The product that they are probably offering you is called Geotab. We sell that as well, but mainly to companies with a few hundred vehicles. The reason is that its got a fairly high startup cost and doesn't really allow for too much growth. If you do decide to go with Geotab be sure to ask about service and support. Some companies don't charge as much as they should for the units and make up their money on service calls at $200+ per hour.

As for the price of GPS tracking, what it comes down to is whether you think it will save about 1.5 liters of gas per day. If you can, then you break even on the cost and now have more control of your business.


----------



## IMAGE (Oct 21, 2007)

Nero, I still think about getting your GPS system. I think about it every storm and wish I had it when I am doing the paperwork afterwards. It seems EVERY fricking storm my resi driver forgets to date or even fill out the important parts of the log sheet! I'm gonna have to save up some $$ and get ahold of you, it might be a few months, but I know its gonna be invaluable to have. Thanks again for the demo.


----------



## NeroGPS (Oct 31, 2008)

IMAGE;705082 said:


> Nero, I still think about getting your GPS system. I think about it every storm and wish I had it when I am doing the paperwork afterwards. It seems EVERY fricking storm my resi driver forgets to date or even fill out the important parts of the log sheet! I'm gonna have to save up some $$ and get ahold of you, it might be a few months, but I know its gonna be invaluable to have. Thanks again for the demo.


No problem Image, if you would like to get it sooner than later send me an email and we'll try to set up some sort of payment plan.


----------



## QuadPlower (Jan 4, 2007)

No. I don't think that will work. It looks like the driver drove across the block to get to the next stop. And arrows would work better than triangles I would think.

I want a GPS screen in the truck with the roads on the screen. When the truck moves down the road, I want the color of the road to change from say yellow to blue. That way driver knows he has been down that street to pick up sticks. He can zoom out and see several blocks and realize he didn't hit a certian street. Then he can go back and get it. I might have several drivers doing each route at different times of the year is why I need it.

The screen can reset back to origional colors each day or when ever it is reset.


----------



## NeroGPS (Oct 31, 2008)

QuadPlower;705680 said:


> No. I don't think that will work. It looks like the driver drove across the block to get to the next stop. And arrows would work better than triangles I would think.
> 
> I want a GPS screen in the truck with the roads on the screen.
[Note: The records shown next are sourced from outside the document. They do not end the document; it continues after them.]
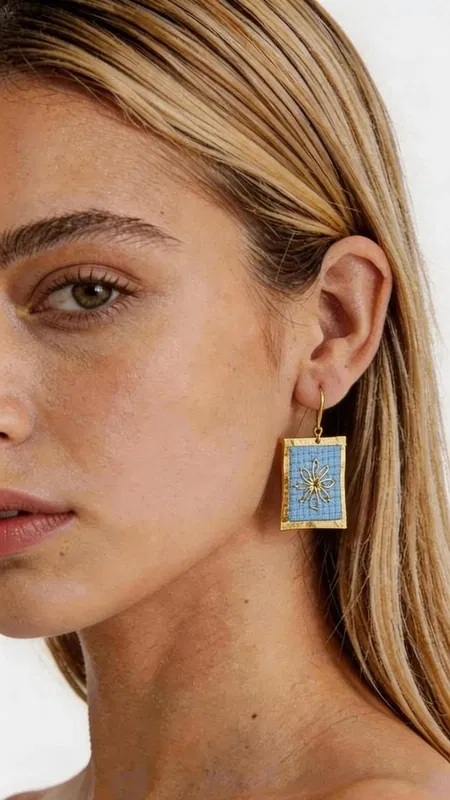 , Τα statement κεντητά σκουλαρίκια με γεωμετρικά σχέδια από χρυσοκλωστή σε γαλάζιο αποτελούν έναν μοναδικό συνδυασμό παραδοσιακής τέχνης και μοντέρνου σχεδιασμού. Σχεδιασμένα από την Ελληνίδα Σχεδιάστρια Κοσμημάτων Αικατερίνη Χαλκιαδάκη, αυτά τα εντυπωσιακά χειροποίητα σκουλαρίκια αναδεικνύουν την κομψότητα κάθε look με στιλ και χαρακτήρα. Η λεπτή κεντητική τεχνική με χρυσοκλωστή δημιουργεί ένα υπέροχο αποτέλεσμα που λαμπυρίζει διακριτικά, ενώ το γαλάζιο χρώμα προσφέρει μια φρεσκάδα που ταιριάζει τέλεια με θερινά και καλοκαιρινά outfit. Τα γεωμετρικά σχέδια προσδίδουν μοντέρνα αισθητική, κάνοντας τα εντυπωσιακά σκουλαρίκια ιδανική επιλογή για κάθε περίσταση. Τα χειροποίητα κεντητά σκουλαρίκια είναι τέλεια για γάμους, βαφτίσια, καλοκαιρινά πάρτι και κάθε ειδική στιγμή όπου θέλετε να ξεχωρίσετε. Συνδυάστε τα με λευκό ή μπλε ρούχα για να αναδείξετε το γαλάζιο τους χρώμα. Υλικό: Ορείχαλκος, Ύφασμα Φροντίστε τα σκουλαρίκια σας αποθηκεύοντάς τα σε στεγνό μέρος, μακριά από υγρασία και άμεση ηλιακή ακτινοβολία για να διατηρήσουν τη λάμψη τους.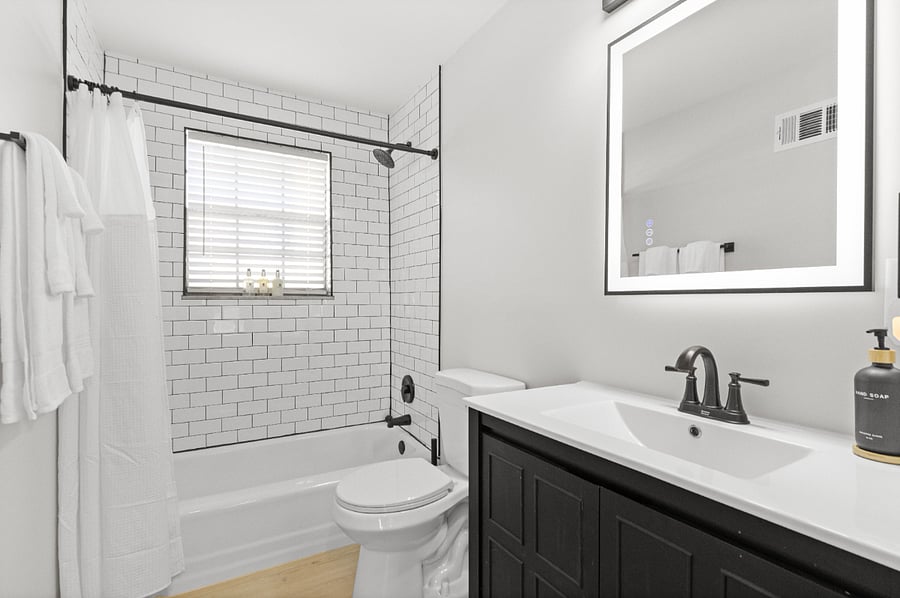 Refinished bathroom with new fixtures and anti-fog mirror that is self lit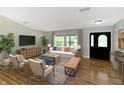 Inviting living room featuring hardwood floors, a comfortable sofa, and an abundance of natural light, creating a cozy atmosphere at 2935 N Grizzly Ln, Martinsville, IN 46151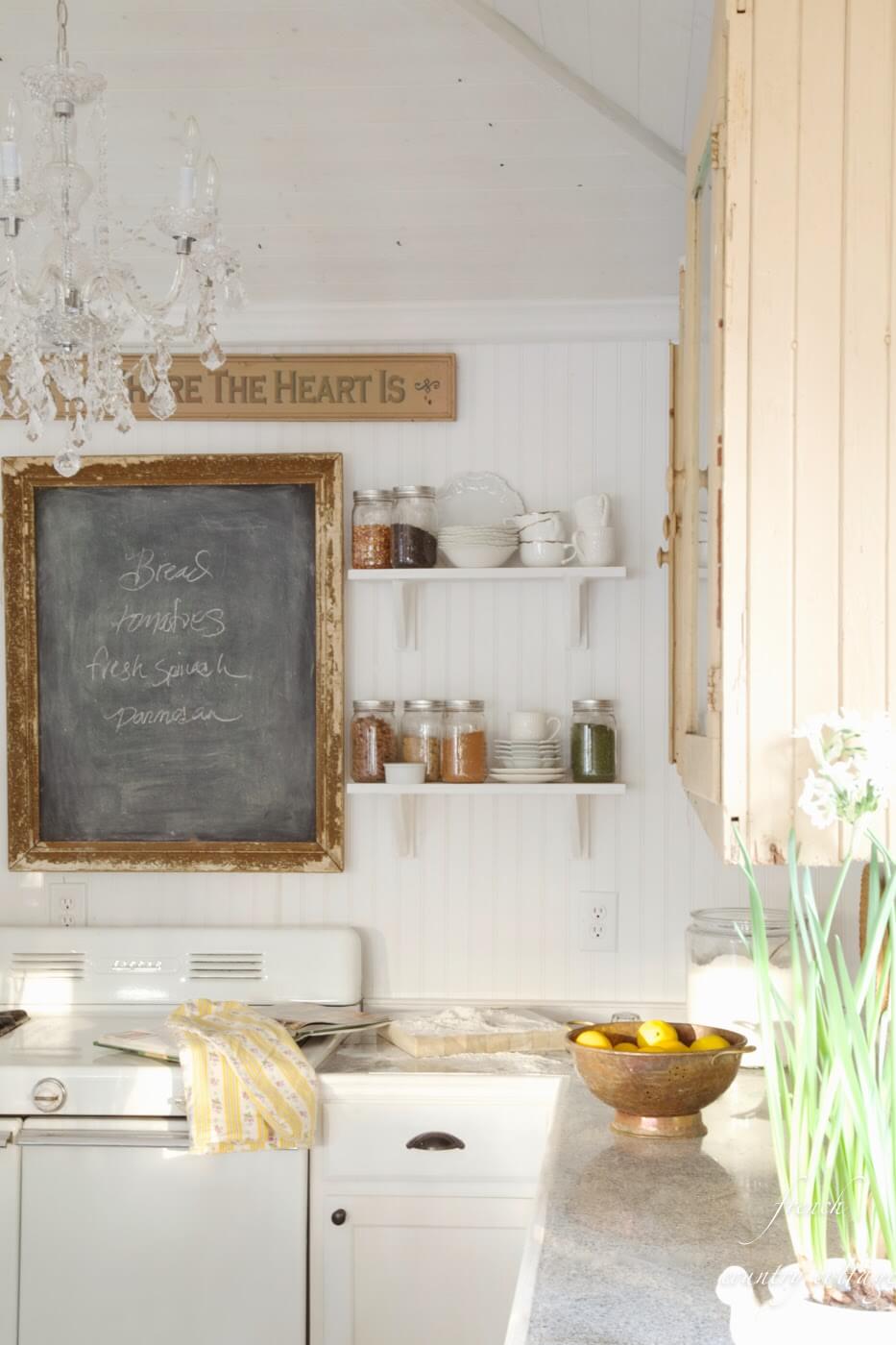 Eclectic French Kitchen with Rustic Chalkboard Sign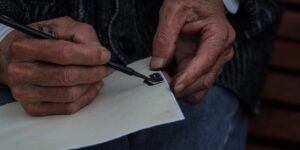 A close-up of an elderly person's hands practicing calligraphy in a sunlit room.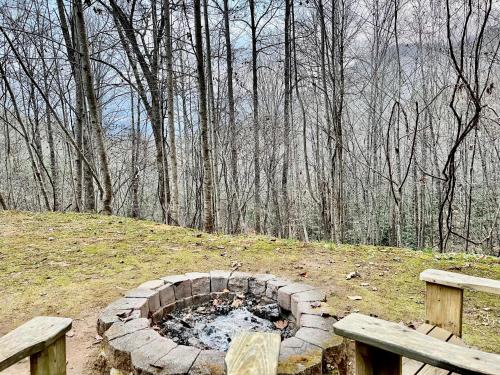 a fire pit in the middle of a field with two benches at Good Life Cabin 1 in Bryson City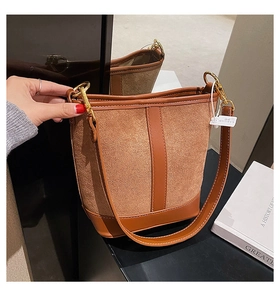 Detail of brown bucket bag showing contrast between suede texture and smooth leather finish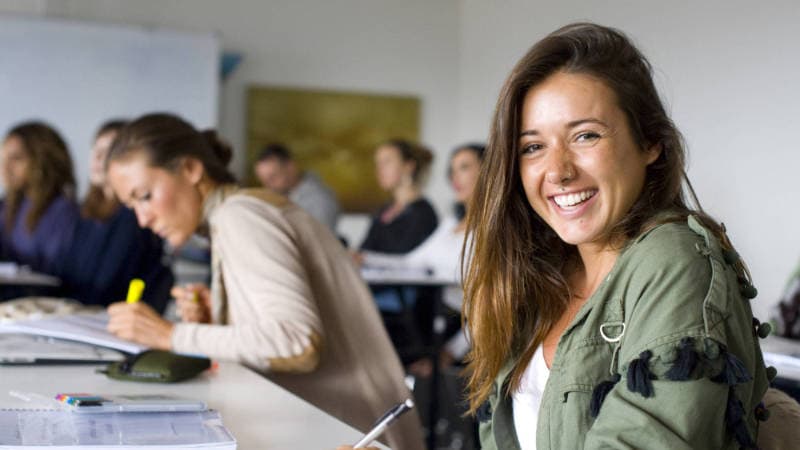A smiling Diploma of Mind Body Medicine student in a class session.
When the truck moves down the road, I want the color of the road to change from say yellow to blue. That way driver knows he has been down that street to pick up sticks. He can zoom out and see several blocks and realize he didn't hit a certian street. Then he can go back and get it. I might have several drivers doing each route at different times of the year is why I need it.
> 
> The screen can reset back to origional colors each day or when ever it is reset.


The reason it looks like the driver drove across the block to get to the next stop is because GPS works "as the crow flies."

In your case the diamonds (or whatever icon you chose) would be a lot closer together. The screen I showed was with 2 min tracking instead on 1 minute and was of one of our guys driving around. He was going about 40km where your guys would probably be going slower looking for sticks.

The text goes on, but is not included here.